集群管理
本章介绍 Elasticsearch 集群的配置和管理。
集群架构
节点类型
┌─────────────────────────────────────────────────────────────┐
│ Elasticsearch 集群 │
├─────────────────────────────────────────────────────────────┤
│ │
│ Master 节点 Data 节点 Coordinating 节点 │
│ ┌─────────┐ ┌─────────┐ ┌─────────┐ │
│ │ 管理集群 │ │ 存储数据 │ │ 处理请求 │ │
│ │ 创建索引 │ │ 执行搜索 │ │ 路由分发 │ │
│ │ 分配分片 │ │ 聚合计算 │ │ 结果合并 │ │
│ └─────────┘ └─────────┘ └─────────┘ │
│ │
└─────────────────────────────────────────────────────────────┘
| 节点类型 | 配置 | 说明 |
|---|---|---|
| Master | node.roles: [master] | 管理集群状态,创建/删除索引 |
| Data | node.roles: [data] | 存储数据,执行搜索和聚合 |
| Ingest | node.roles: [ingest] | 预处理管道 |
| Coordinating | node.roles: [] | 处理请求,路由分发 |
集群健康状态
GET /_cluster/health
# 响应
{
"cluster_name": "my-cluster",
"status": "green", # green/yellow/red
"number_of_nodes": 3,
"number_of_data_nodes": 2,
"active_primary_shards": 10,
"active_shards": 20,
"relocating_shards": 0,
"initializing_shards": 0,
"unassigned_shards": 0
}
状态说明:
| 状态 | 说明 |
|---|---|
| green | 所有分片正常分配 |
| yellow | 主分片正常,部分副本未分配 |
| red | 部分主分片未分配 |
集群配置
基本配置
# elasticsearch.yml
# 集群名称(同一集群必须相同)
cluster.name: my-application
# 节点名称
node.name: node-1
# 节点角色
node.roles: [master, data]
# 网络配置
network.host: 0.0.0.0
http.port: 9200
transport.port: 9300
# 发现配置
discovery.seed_hosts: ["node-1", "node-2", "node-3"]

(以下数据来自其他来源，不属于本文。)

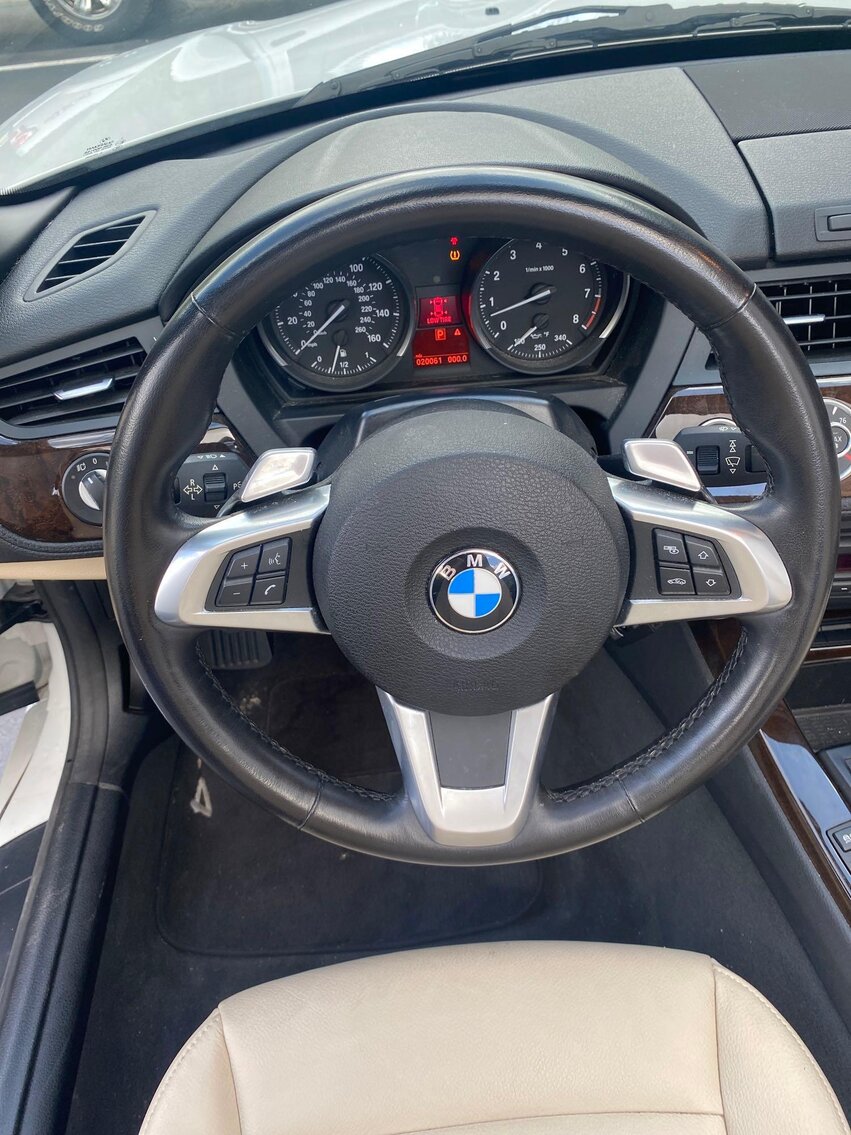 Image for 2011 BMW Z4 Roadster Convertible (Weckerly)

cluster.initial_master_nodes: ["node-1", "node-2", "node-3"]
# 内存配置
bootstrap.memory_lock: true
三个节点集群示例
节点 1 配置(Master + Data):
cluster.name: my-cluster
node.name: node-1
node.roles: [master, data]
network.host: 192.168.1.10
discovery.seed_hosts: ["192.168.1.10", "192.168.1.11", "192.168.1.12"]
cluster.initial_master_nodes: ["node-1", "node-2", "node-3"]
节点 2 配置(Master + Data):
cluster.name: my-cluster
node.name: node-2
node.roles: [master, data]
network.host: 192.168.1.11
discovery.seed_hosts: ["192.168.1.10", "192.168.1.11", "192.168.1.12"]

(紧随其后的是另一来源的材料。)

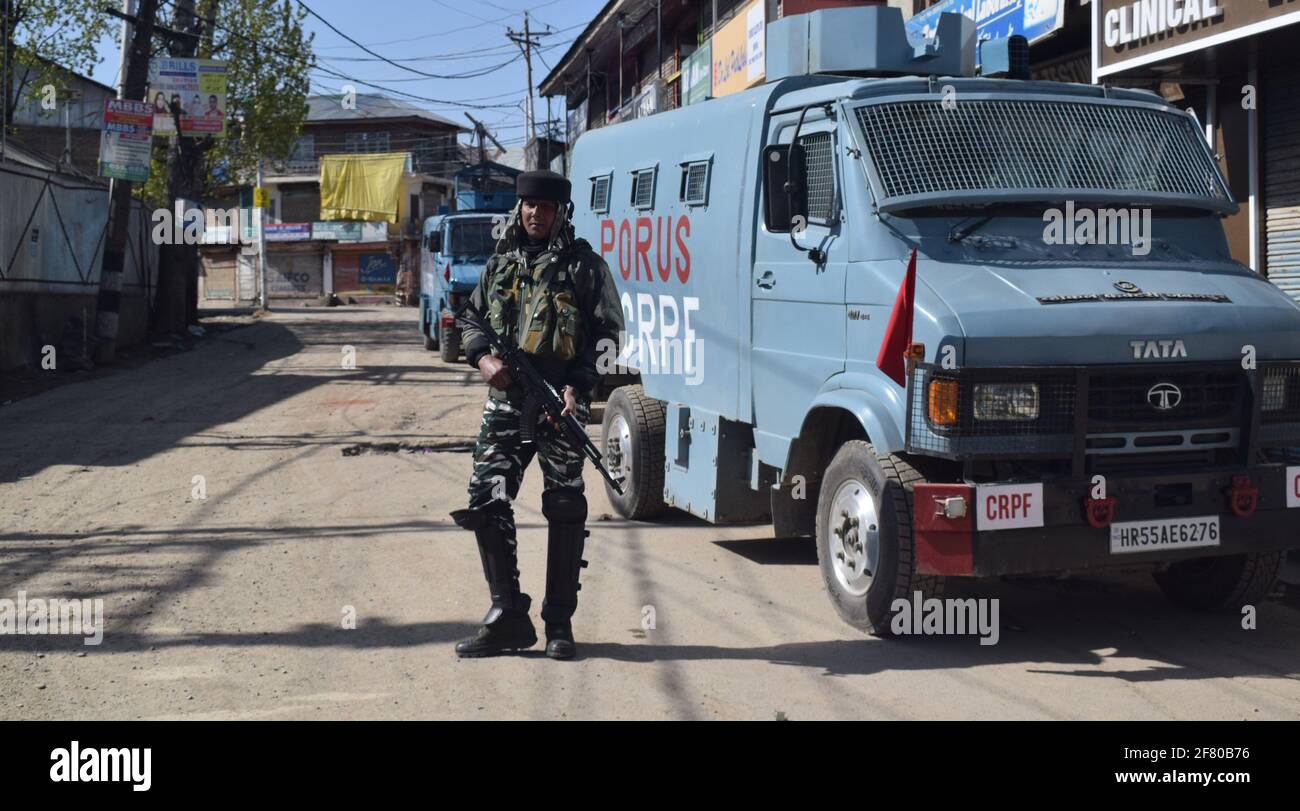 Sieben Militante wurden getötet, drei Zivilisten und vier von den Streitkräften wurden bei zwei separaten Schießereien in Süd-Kaschmir verletzt, die in diesem Jahr die höchste Anzahl von Verletzten an einem einzigen Tag in der Region berichteten. Kaschmir. Stockfoto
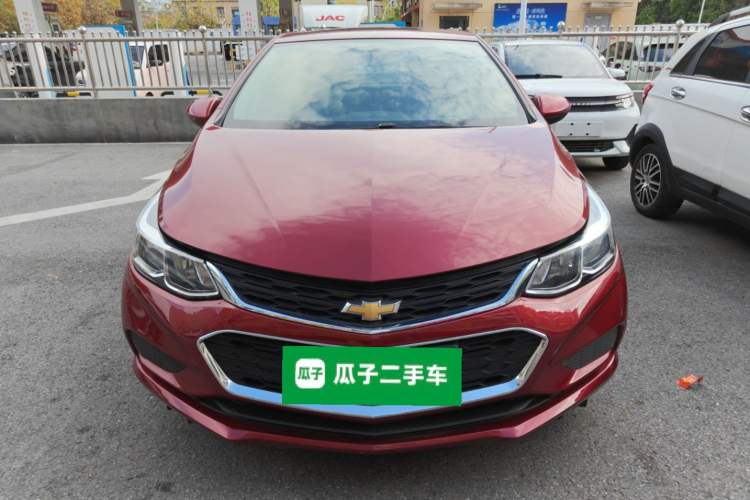 Used Chevrolet Cruze 2018 320 Automatic Pioneer Sunroof Edition
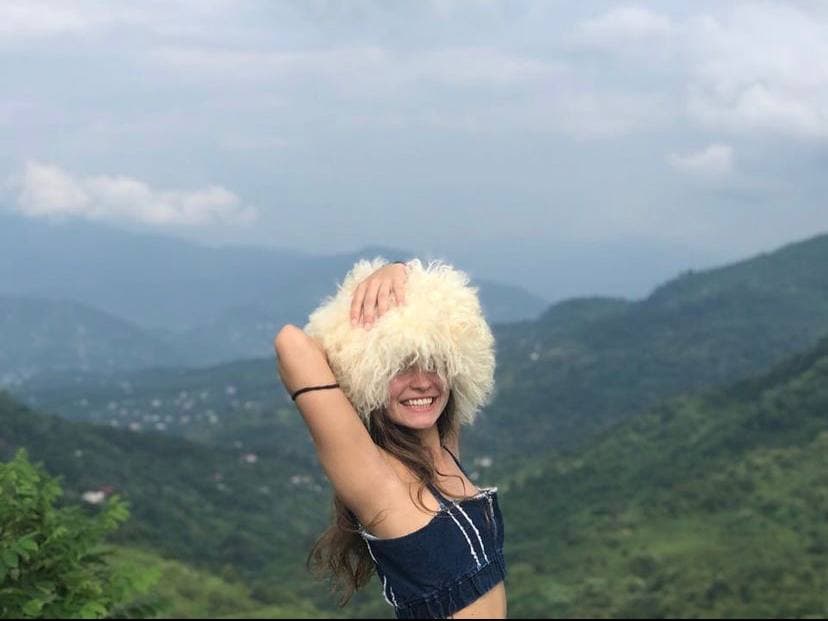 Хороводы «Березки» и казацкие танцы стали профессией для молодых владимирских артисток Марии Зимокос и Леры Вавиловой, а народные костюмы — любимыми нарядами.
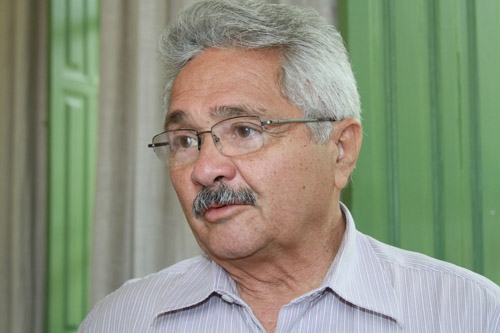 Elmano Férrer desbanca Wilson Martis e é eleito Senador com 62,14% dos votos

cluster.initial_master_nodes: ["node-1", "node-2", "node-3"]
节点 3 配置(Data only):
cluster.name: my-cluster
node.name: node-3
node.roles: [data]
network.host: 192.168.1.12
discovery.seed_hosts: ["192.168.1.10", "192.168.1.11", "192.168.1.12"]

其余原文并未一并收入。